Machtstrukturen überwinden – Die Menschenfreundlichkeit Gottes in der Kirche leben
Im dritten Leitprojekt der Pastoralen Dienste "Die Menschenfreundlichkeit Gottes in der Kirche leben" geht es um die Erkenntnis, "dass wir als Kirche uns anstrengen müssen, einen anderen Stil im Umgang mit den Kirchenmitgliedern, Pfarren aber auch mit der Welt zu finden", so Geier. Man brauche neue Möglichkeiten, um sich zu begegnen und müsse Machtstrukturen überwinden. Ziel sei es, dass man den Menschen eine Idee von Kirche vermitteln könne, eine Idee vom Reich Gottes, die sie in ihrem Leben zusammen mit der Kirche verwirklichen können. Dazu brauche es viele neue Ideen über das Miteinander zwischen Mensch und Kirche, einen neuen Stil. "Ich sag immer gerne: Aus einer 'Komm-her-Kirche' muss eine 'Geh-hin-Kirche' werden. Wir sind aufgefordert zu den Menschen zu gehen. Wir möchten eine nachgehende Pastoral leben, die sich nicht scheut, die eigene Kirche, das eigene Kirchengebäude auch einmal zu verlassen", so der Leiter der Pastoralen Dienste.
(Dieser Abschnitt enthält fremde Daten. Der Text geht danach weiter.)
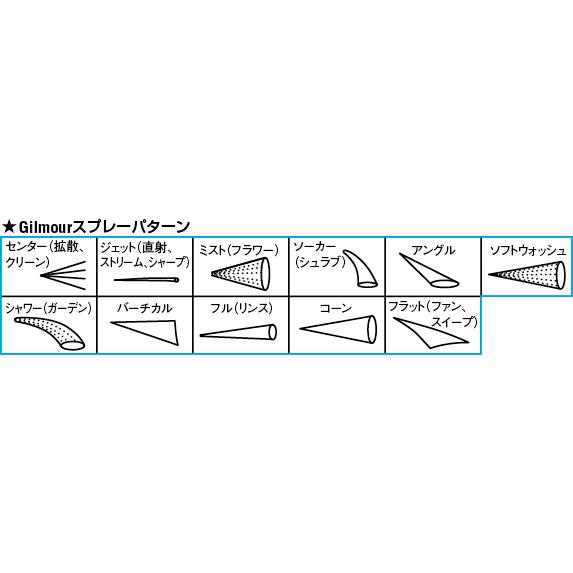 ESCO エスコ スプレーノズル(8パターン) EA124LA-62C｜laplace｜02
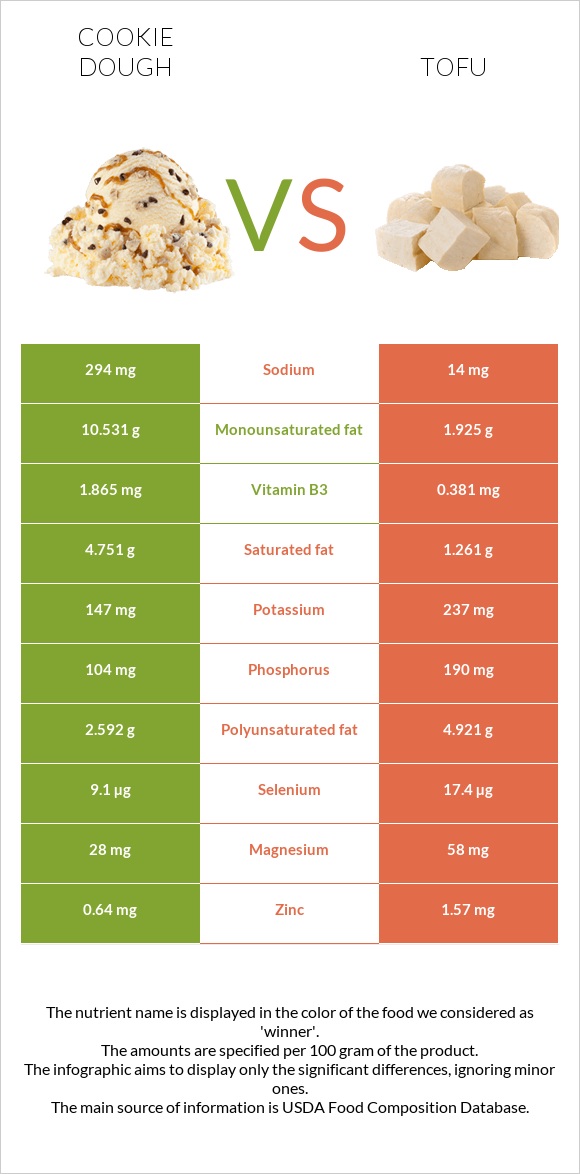 Թխվածքաբլիթի խմոր vs Տոֆու infographic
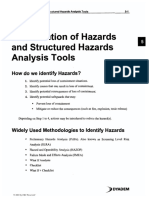 Identification of Hazards - 4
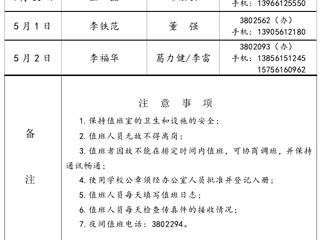 BEAT365唯一官网（相山校区）学校办公室2016年劳动节假期值班表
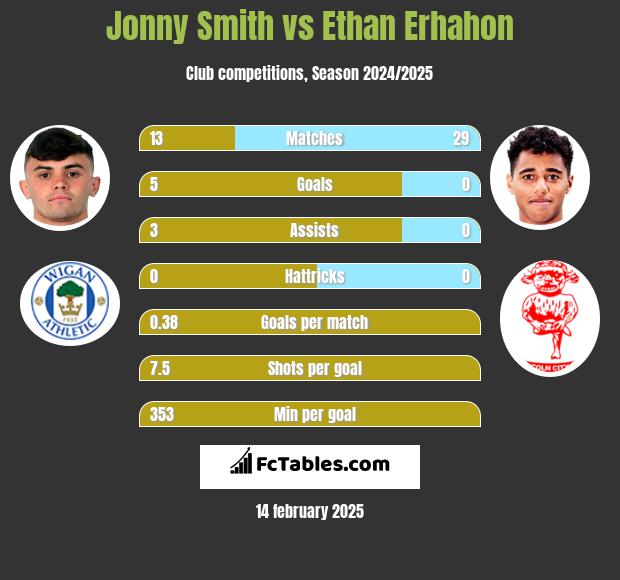 Jonny Smith vs Ethan Erhahon h2h player stats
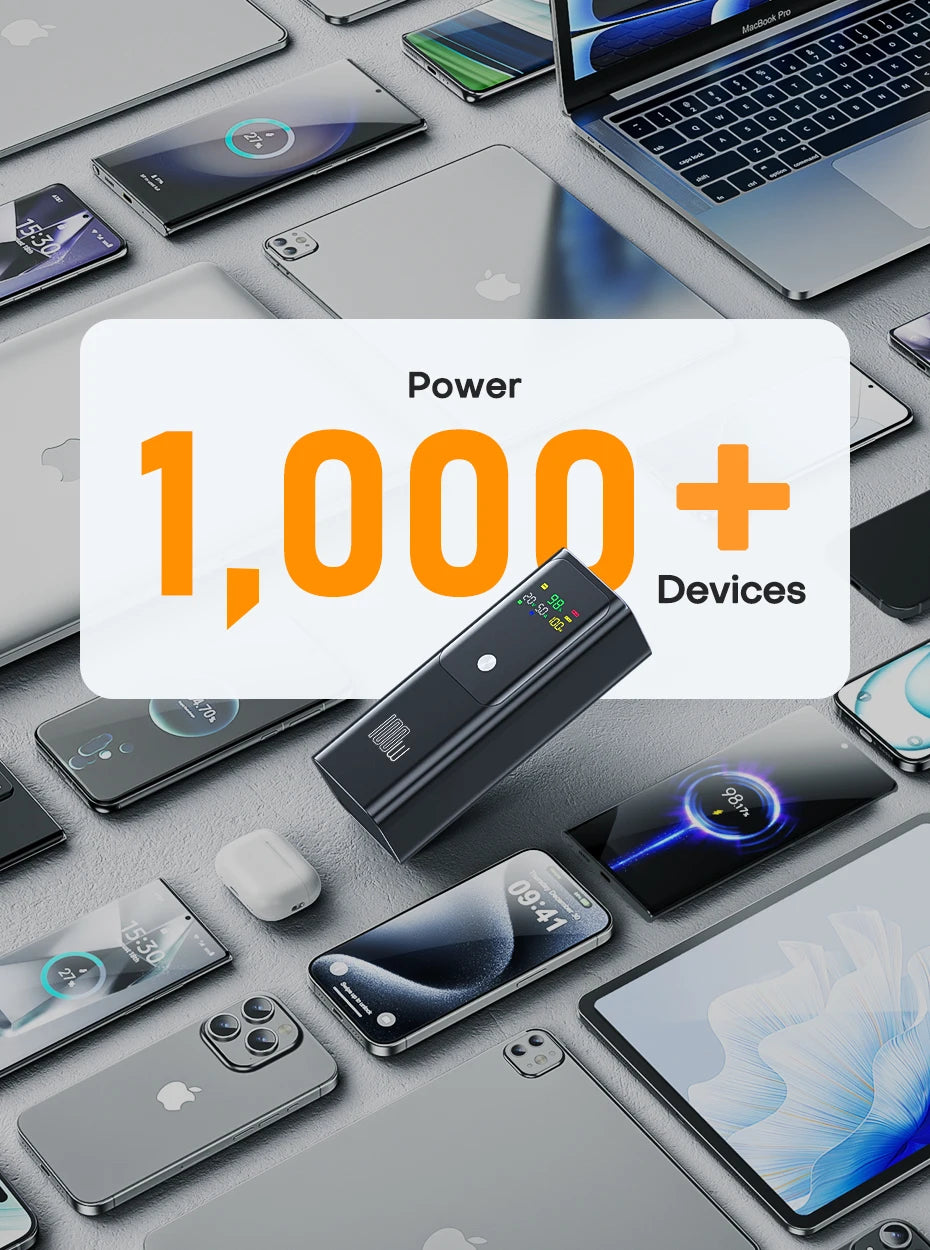 QOOVI PD 100W Power Bank 20000mAh External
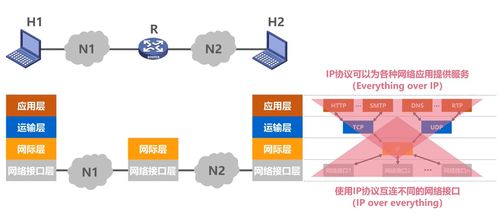 計算機網(wǎng)絡體系結(jié)構(gòu)與計算機系統(tǒng)集成服務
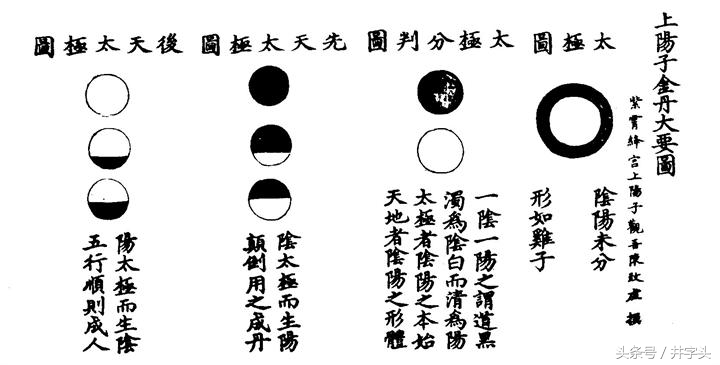 金丹修炼关窍示意图,上阳子金丹大要全文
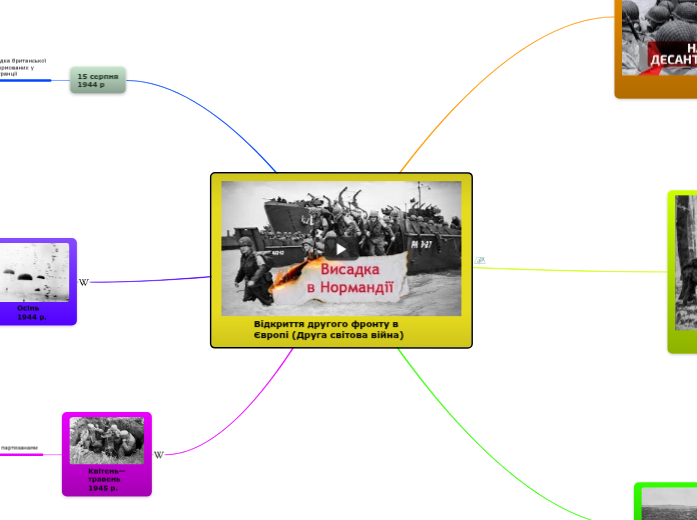 Відкриття другого фронту в Європі (Друга с...- Mind Map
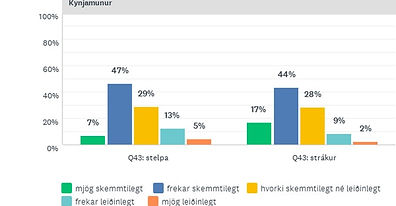Q1 Picture1.finnst að vera í skóla.jpg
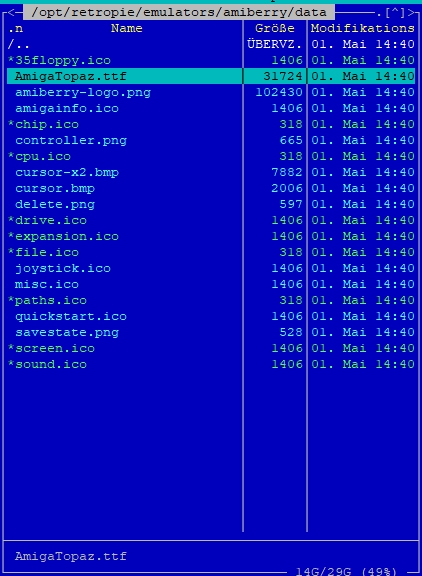 data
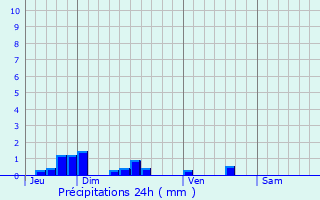 Graphique des précipitations prvues pour Voharies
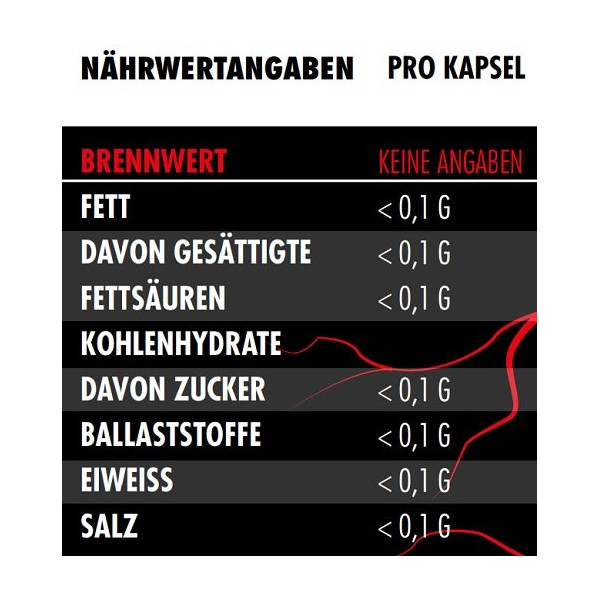 Big Zone Citrus Bergamot 90 Kapseln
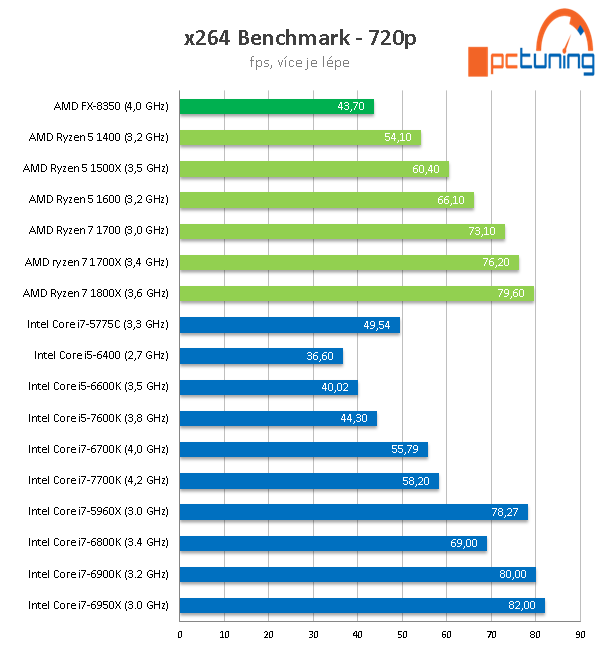 AMD Ryzen 5 1600, 1500X a 1400: šest a čtyři jádra v testu 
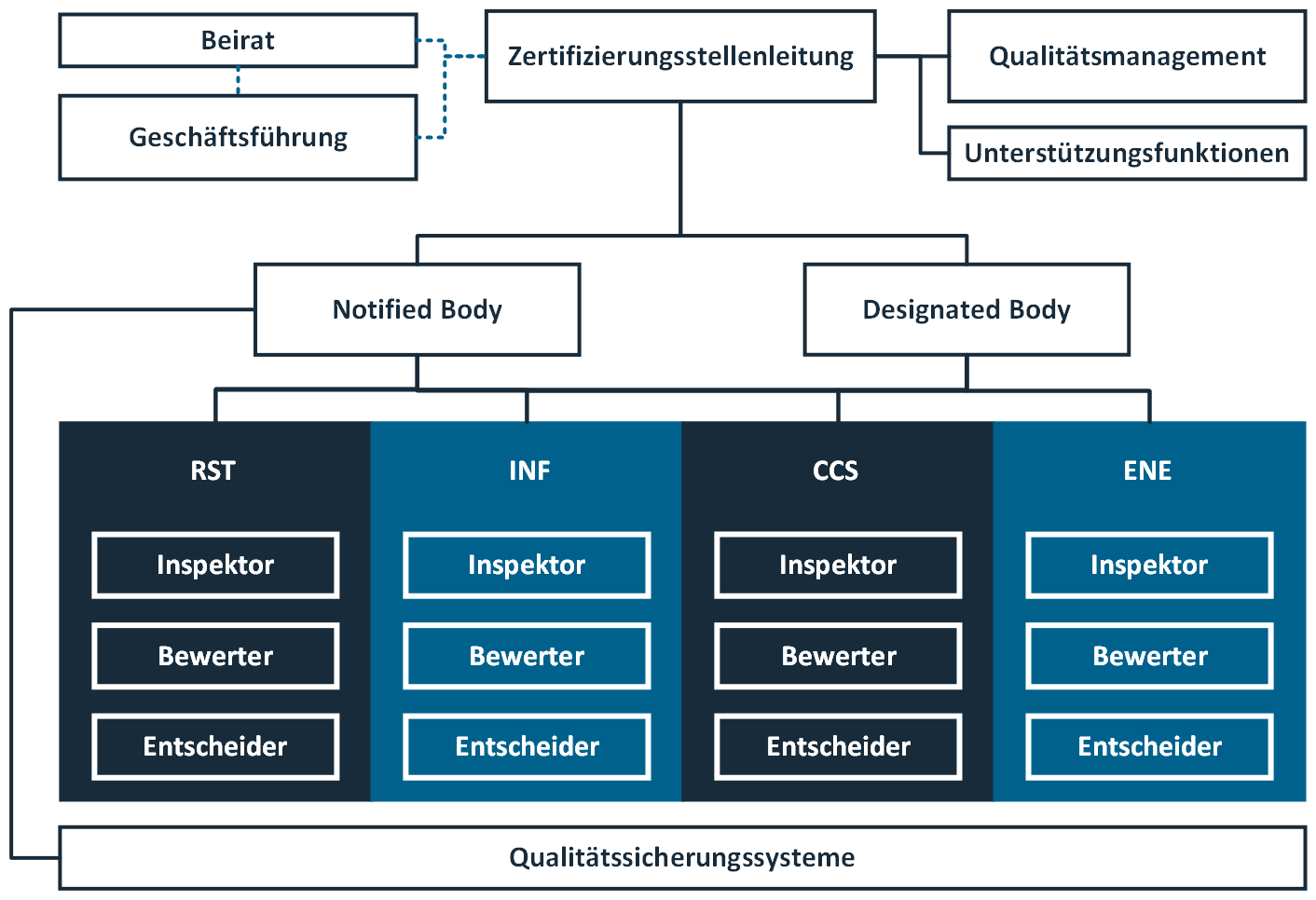 Organigramm_DE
Die Corona-Krise, besonders die leeren Kirchen während der Gottesdienste der Osterfeiertage, habe deutlich gemacht, dass die Pastoral wie sie gewesen ist, nicht mehr zeitgemäß sei. "Es hat uns gezeigt, dass im Grunde die leeren Kirchen auch leere Gräber waren. Wir müssen das leere Grab verlassen, weil wir den Lebenden, den Auferstandenen nicht bei den Toten finden, nicht im leeren Grab, sondern in Galiläa – überall dort, wo sich Menschen auf die Suche machen, ohne Landkarte, ohne Plan", betont Geier. Es sei wichtig, sich mit diesen vielen Menschen, die auf dem Weg sind, zu solidarisieren, zu verbinden. Denn "auch wir als Kirche sind auf der Suche..."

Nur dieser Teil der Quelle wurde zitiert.